OASISS, Micro-Parameters, and the Real Work of Safer Autonomy

ODDs describe the big picture of how an automated system is intended to operate. Real models fail on the small stuff. Micro-parameters, such as lighting angle, clothing reflectivity, lane-marking wear, or windshield glare, often determine whether perception and planning remain stable or drift. OASISS (ODD-based AI Safety in Autonomous Systems) establishes a framework for this reality by evaluating whether training and testing datasets are sufficiently comprehensive for the Target Operational Domain (TOD). It focuses on completeness and representativeness, and asks developers to justify any gaps through an acceptability argument.

Credit where it’s due

OASISS was introduced by Jerein Jeyachandran, Siddartha Khastgir, Xingyu Zhao (WMG, University of Warwick), Eric Barbier (Wayve), and Paul Jennings (WMG). Their work proposes a model-agnostic way to judge whether your training and test scenarios suit the TOD you claim to support.

Why OASISS matters now

Standards alignment
OASISS explicitly maps to dataset-related properties in ISO/PAS 8800 and utilizes ISO 34503 concepts, the standards used by regulators and safety assessors.
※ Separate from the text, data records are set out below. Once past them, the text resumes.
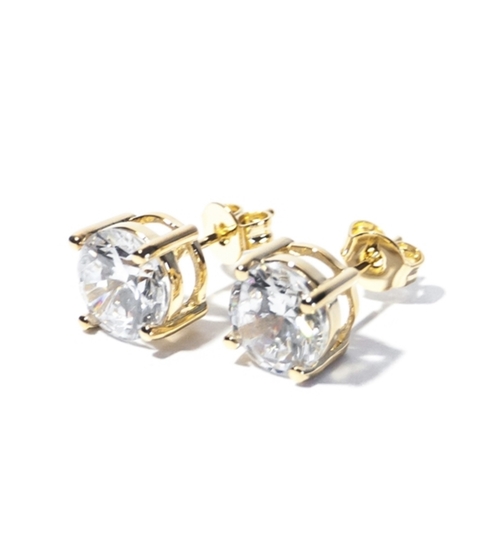 Brinco ponto de luz zircônia dourado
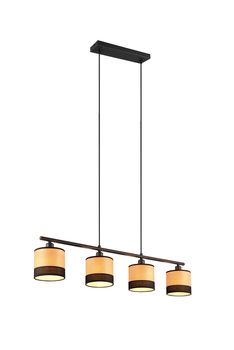 Suspension noire BOLZANO avec 4 abat-jour imitation bois Métal Noir et imit.bois 4*6w max.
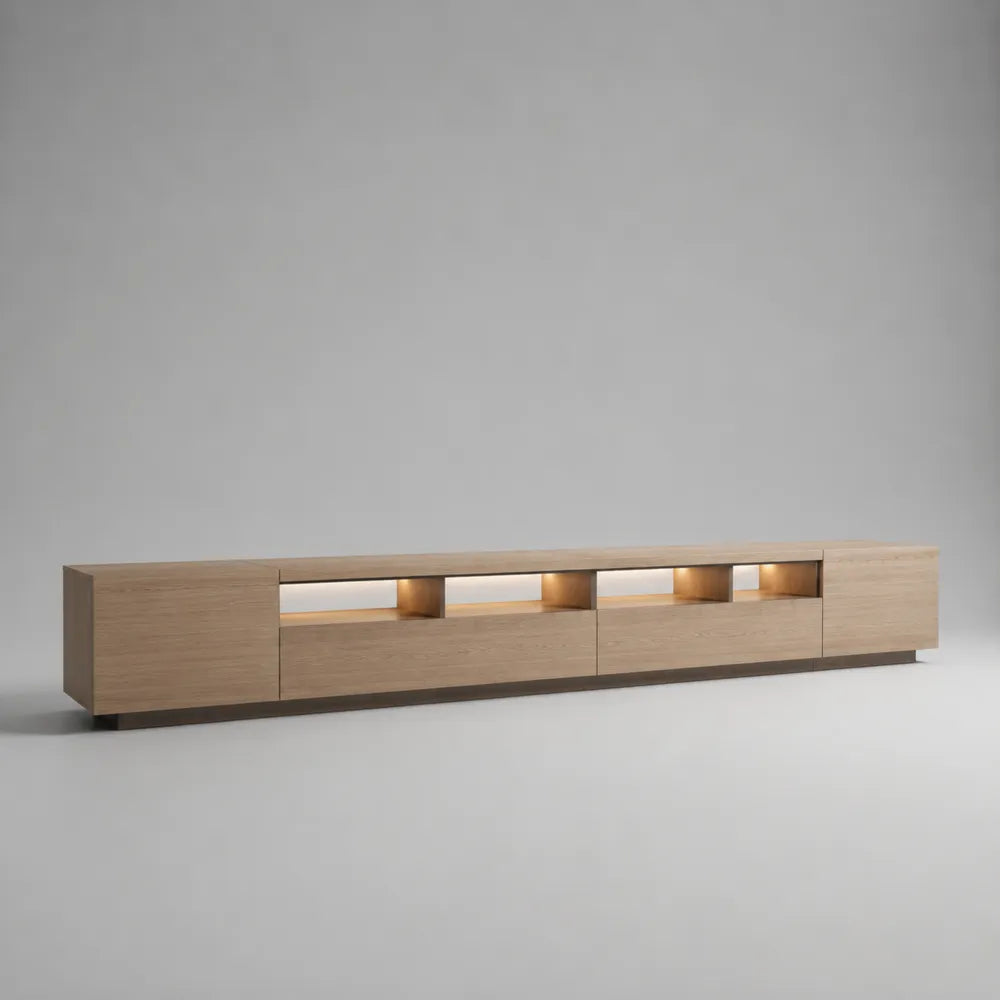 Mobile TV soggiorno 240 x 35 x 40 cm legno MDF impiallacciato rovere naturale vani aperti con illuminazione LED ante chiuse struttura rettangolare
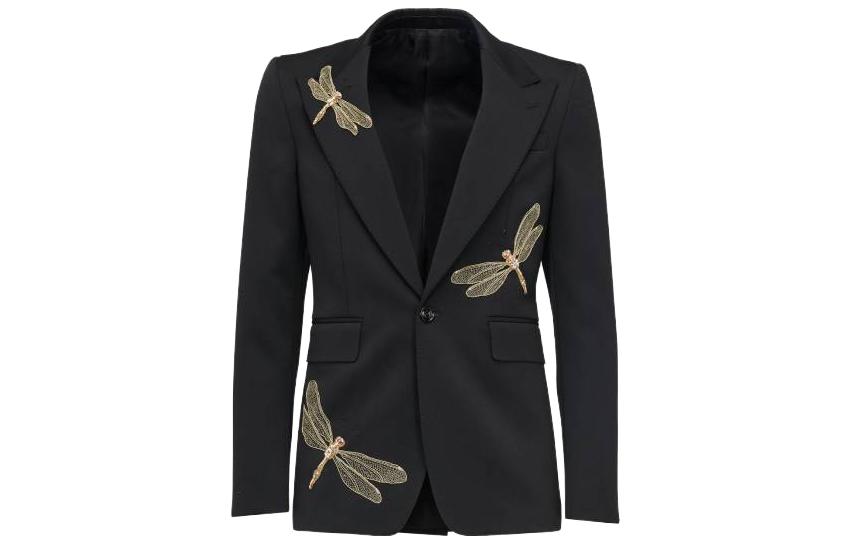 Alexander McQueen Dragonfly Applique Single-Breasted Black Jacket 774912-QVAAA-1000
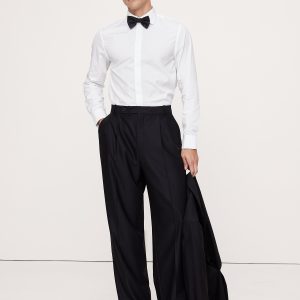 Slim-Fit Cotton Poplin Tuxedo Shirt with Cutaway Collar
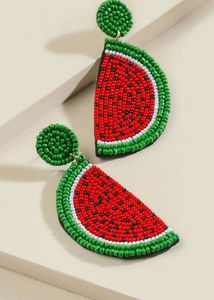 Watermelon Beaded Earrings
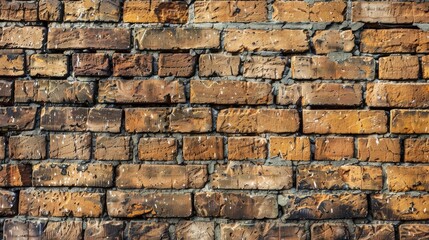 Brown brick wall in close up view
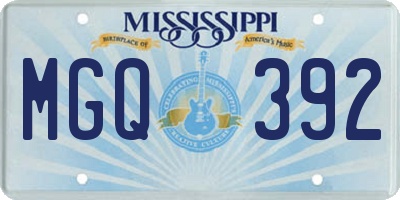 MS license plate MGQ392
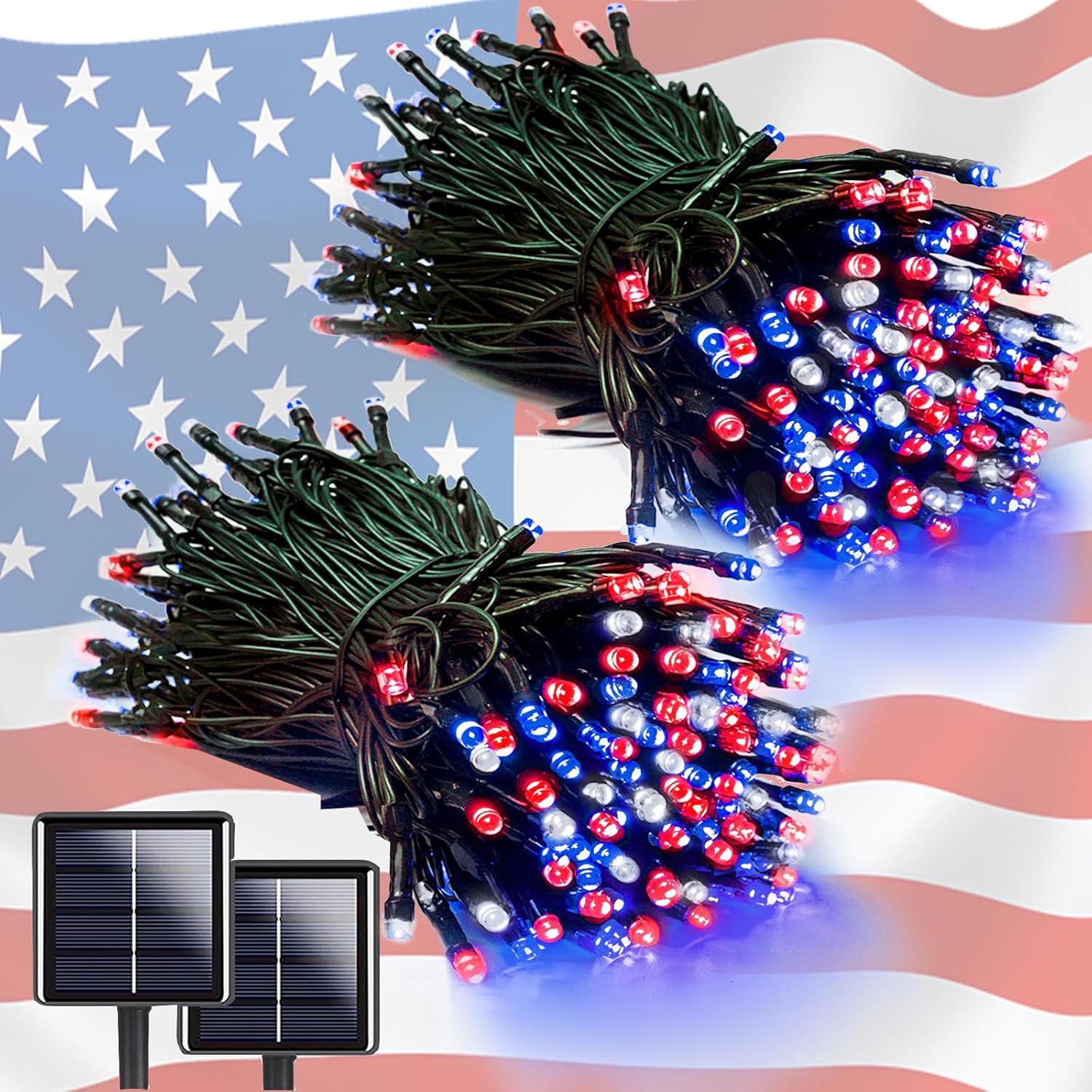 2 Pack 200 LED Solar Christmas Lights Outdoor, Solar String Lights for Outside with 8 Lighting Modes, Waterproof Green Wire Solar Powered Tree Light for Xmas Party Yard Garden Decorations (Multicolor)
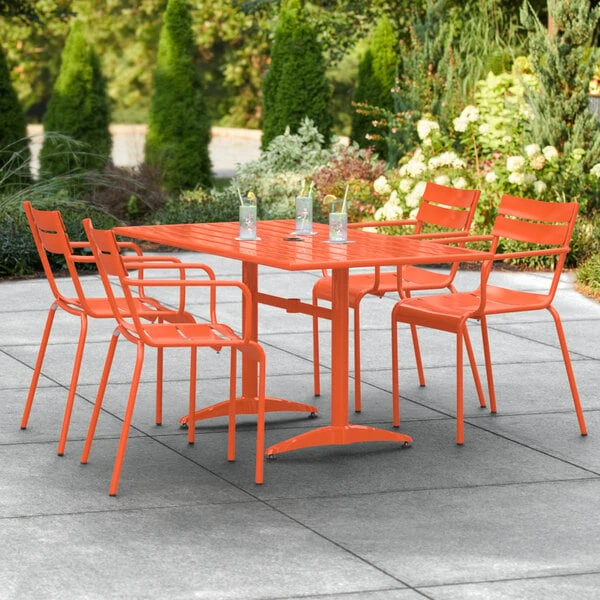 Lancaster Table & Seating 32" X 60" Orange Powder-Coated Aluminum Standard Height Outdoor Table With Umbrella Hole And 4 Arm Chairs 1 Lancaster Table & Seating 32" X 60" Orange Powder-Coated Aluminum Standard Height Outdoor Table With Umbrella Hole And 4 Arm Chairs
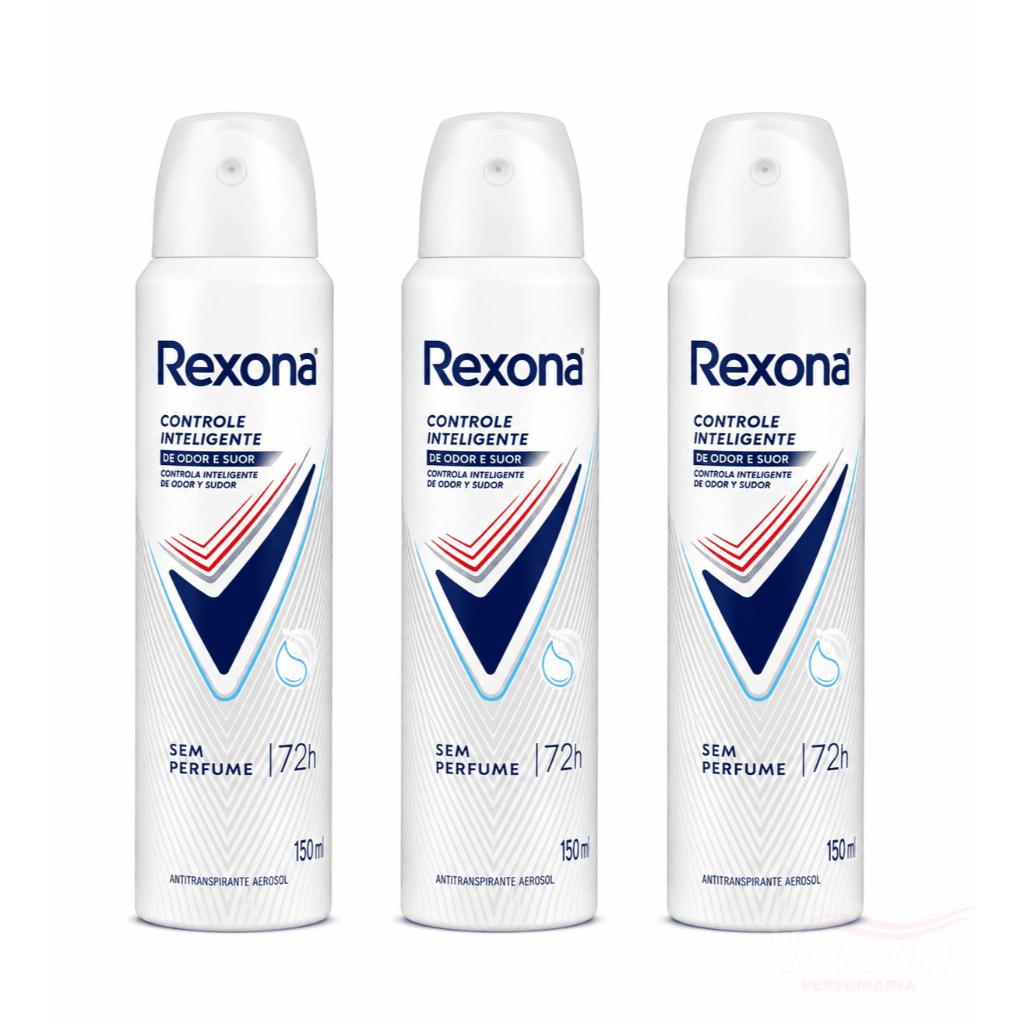 Kit 03un Desodorante Antitranspirante Aerosol Feminino Rexona Controle Inteligente sem perfume 150ml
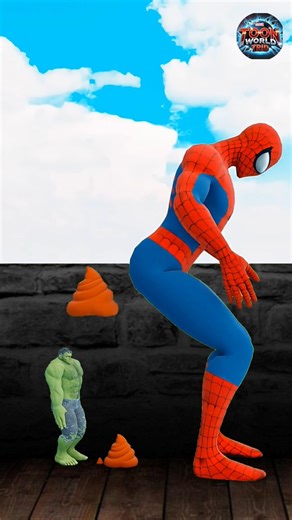 Hulk vs Spider-Man: Giant Poop Challenge! 💩🤣 #shorts #spiderman #hulk #marvel
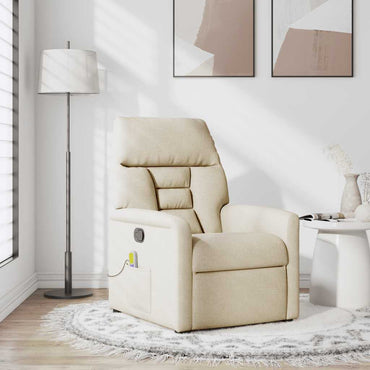 vidaXL Fauteuil de massage crème tissu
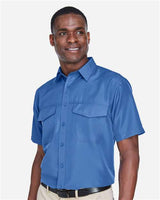 Harriton M580 Men's Key West Short-Sleeve Performance Staff Shirt #color_POOL BLUE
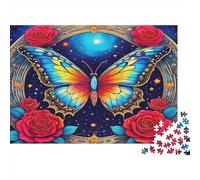 Rosa - Carta resistente - Farfalla con rose rosse nella cornice - Puzzle - Stimolante per la mente - Antistress - 70x50cm/1000 pezzi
Refer to the ISO/PAS 8800 and ISO 34503 overviews for context.
TOD vs ODD clarity
It distinguishes between where the system was designed to work (ODD) and where it will actually encounter conditions (TOD). The gap matters.
Quantitative checks, not assumptions
Completeness looks for the presence of required elements and even out-of-ODD conditions you should safely reject. Representativeness compares the frequency of conditions to the TOD, using standard binning and divergence metrics for continuous and categorical variables.
Micro-parameters are treated as core elements
Micro-parameters are not typically part of the ODD, yet they influence perception and behavior. OASISS treats them as first-class items to specify in the scenario or in a parametrization file, and then score.

How this connects to MATT3R’s pipeline

In our scenario-reconstruction post, we outlined how real-world journeys are turned into simulation-ready assets that power two products: Capsul3 FOUNDATION for training data and Capsul3 SCENARIO for validation. The post walks through the global occupancy grid, OpenDRIVE/OpenSCENARIO export, and quality checks.

Capsul3 FOUNDATION delivers synchronized multi-modal clips and tags that highlight unusual or safety-critical moments for training.
Capsul3 SCENARIO reconstructs the same moments into standards-compliant scenarios for simulation, verification, and validation (V&V).

OASISS provides us with a language to demonstrate how sufficient those assets are for a stated TOD. It also aligns with behavior taxonomies emerging from BSI Flex 1891, connecting scenario behaviors and ODD.

Deep dive: “AI training” vs “post-training” pipelines and where gaps are

The following outlines how OASISS can be applied in both phases.

A) AI training pipeline

Data discovery and pre-filtering

From FOUNDATION: select clips by ODD tags and micro-parameters. Examples: twilight with high backlight, reflective clothing at crossings, and worn lane markings after rain.
OASISS hooks:
- Completeness: verify that each element and its value set exists for in-TOD and out-of-ODD coverage. Binary scoring at scenario, value, and micro-parameter levels makes missing categories obvious.
- Representativeness: Before training, compare distributions against TOD statistics to ensure the sampler does not over-index on easy weather conditions and times of day.

Micro-parameter modeling

Treat micro-parameters as latent axes in the sampler. Introduce a rule-based parametrization file that instantiates them for training batches, exactly as OASISS suggests.
Sensitivity analysis informs weights for micro-axes. For example, clothing reflectivity may rank higher than curb paint saturation for nighttime pedestrian detection.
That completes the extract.